Open justice: forging the digital path ahead

In a nice bit of serendipity, I discovered yesterday that the Centre for Law, Justice and Journalism’s ‘Justice Wide Open‘ event on 29 February will fall in ‘Open Justice Week’, a new initiative led by James Doleman, of the Tommy Sheridan trial blog, and the Scottish Press Club and Glasgow court reporter Cristiana Theodoli.

Their ‘Open Justice UK‘ project, which will go live on Monday 27 February, aims “to get writers, legal professionals and members of the public to collaborate using social media to share their experiences of a week in the life of the legal system”.

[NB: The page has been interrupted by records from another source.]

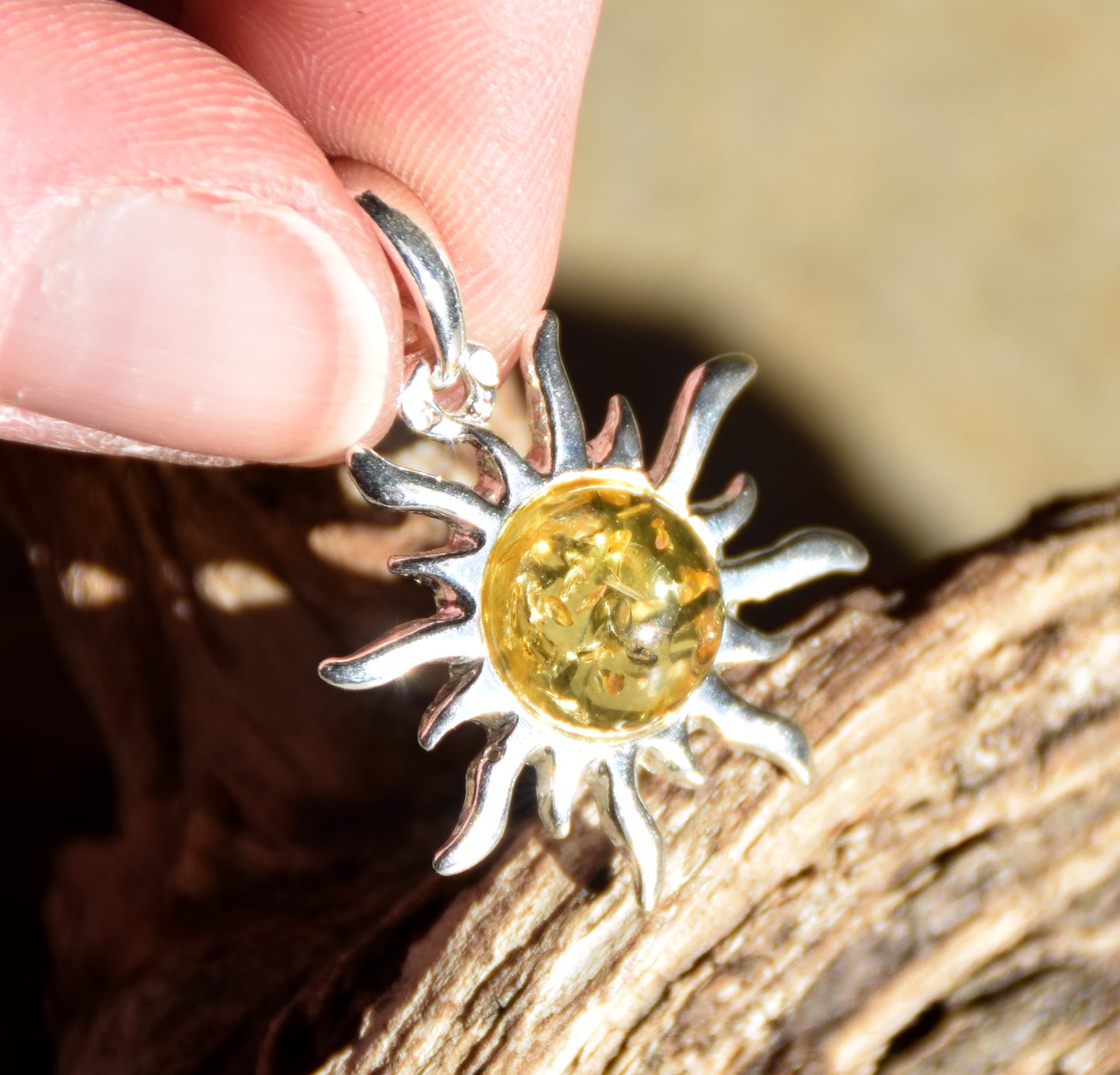 Luminoso ciondolo a forma di sole in Ambra naturale color oro e Argento 925, MJ Baltica, BW346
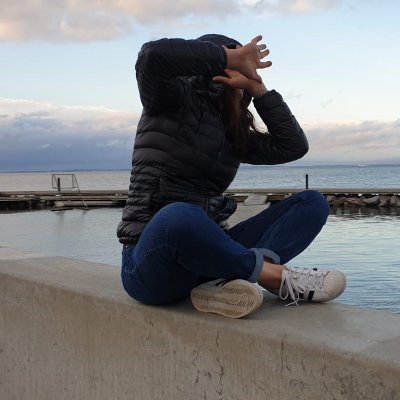 MEB_Tess's profile picture. Lettere minuscole a  inizio paragrafo, virgole fuori posto, e la voglia di una morte perfetta come un foglio bianco...(cit.)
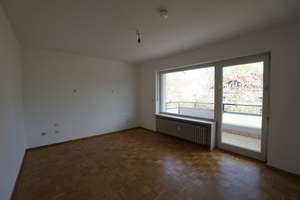 Charmante 2,5-Zimmer-Wohnung mit viel Licht und zwei Balkonen – Die vollständige Adresse der Immobilie erhältst du vom Anbieter., 81735 Waldtrudering, München – Vorschaubild 7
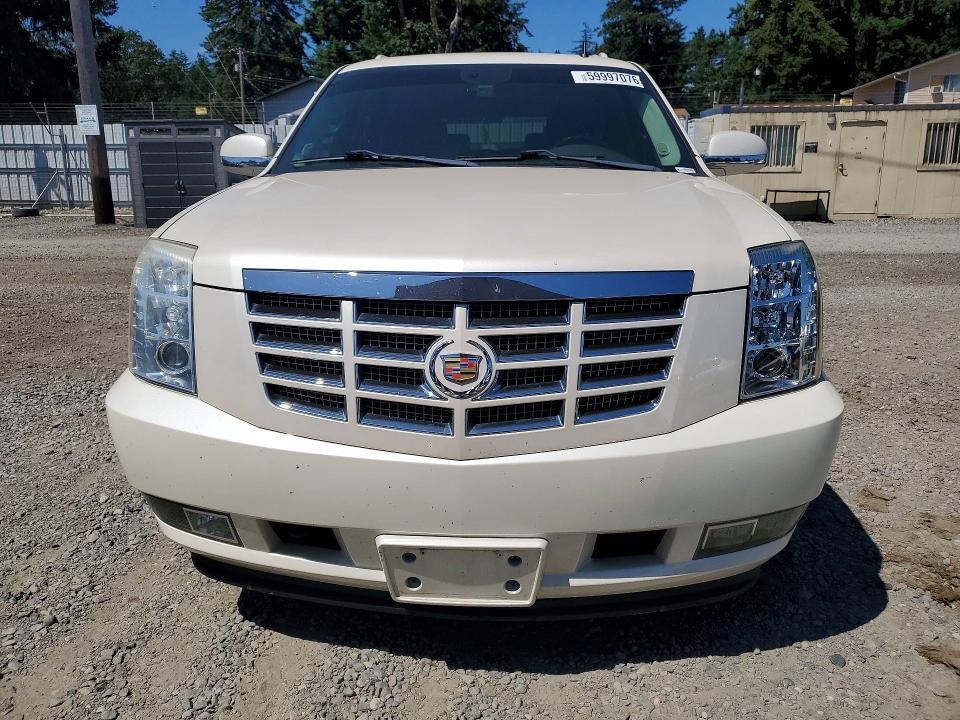 2009 Cadillac Escalade esv VIN 1GYFK26299R206428 COPART salvage auction — REAR END, Wa - Vehicle Cert Of Ownership-Titl, sold $1,350 on 2026-07-12 (photo 5)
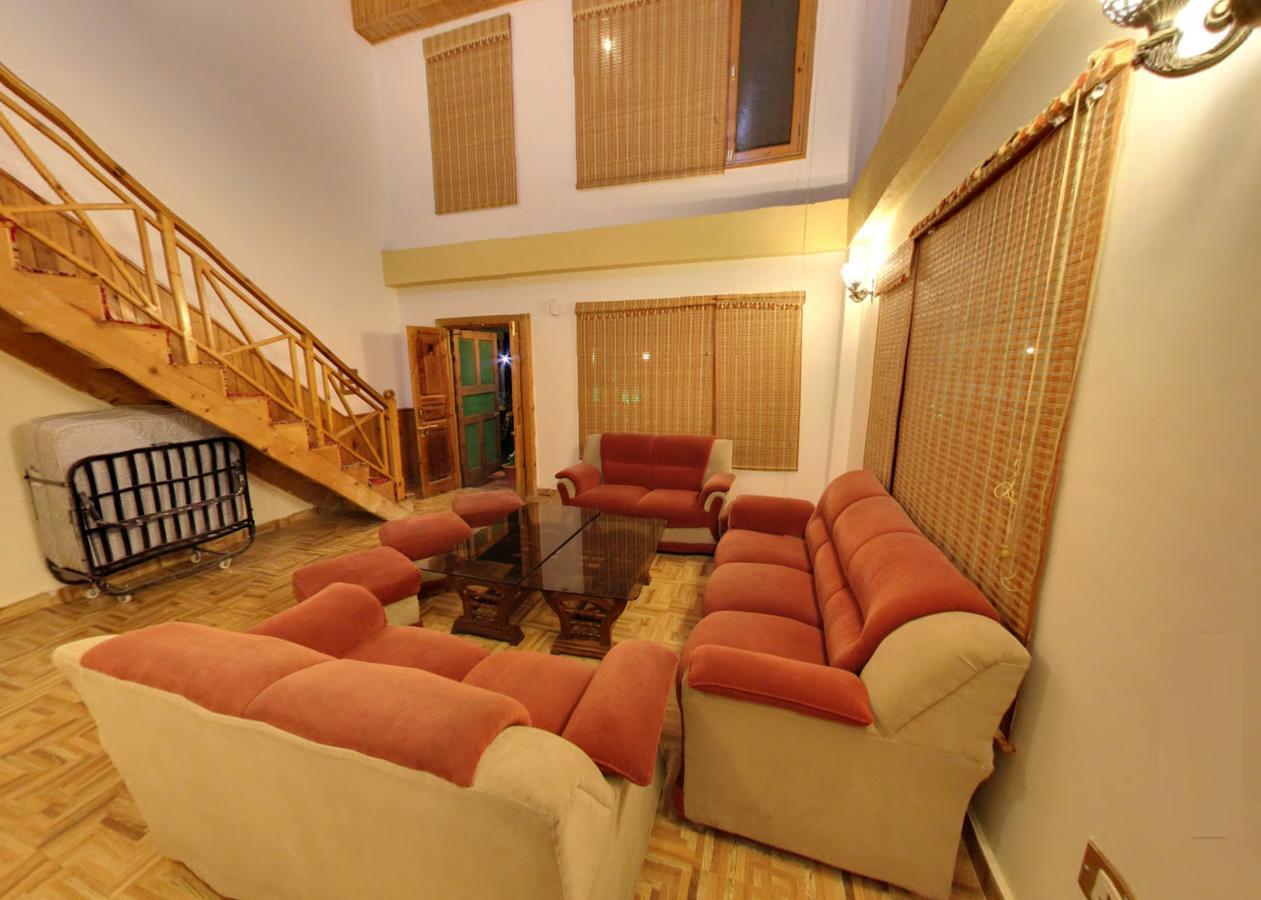 Himalayan Nomad Cottage, Manali ! All 2 Bedroom Independent Cottages ! Personal Lawn Every Cottage ! Parking ! Scenic Mountains View ! Spacious Rooms ! Kültér fotó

Our goal is to publish accounts from all levels of justice, from the lowest courts to the highest, inviting lawyers, journalists, members of the public and offenders to write, blog and tweet about what really goes on in our courts.

Guardian Law supported the project in an editorial yesterday,

The project is not without difficulties. Participants need training in how to avoid contempt of court, which some lawyers have offered to provide. Some Scottish courts lack a phone signal, let alone decent Wi-Fi. Judges may have reservations. Professional court reporters know that their job demands skill and care. But peering into the workings of the justice system is a necessary task, and we wish the project every success.

Open Justice UK is on Twitter @oj_UK and has a Facebook group here. It strikes me as a really useful exercise and I look forward to participating/following.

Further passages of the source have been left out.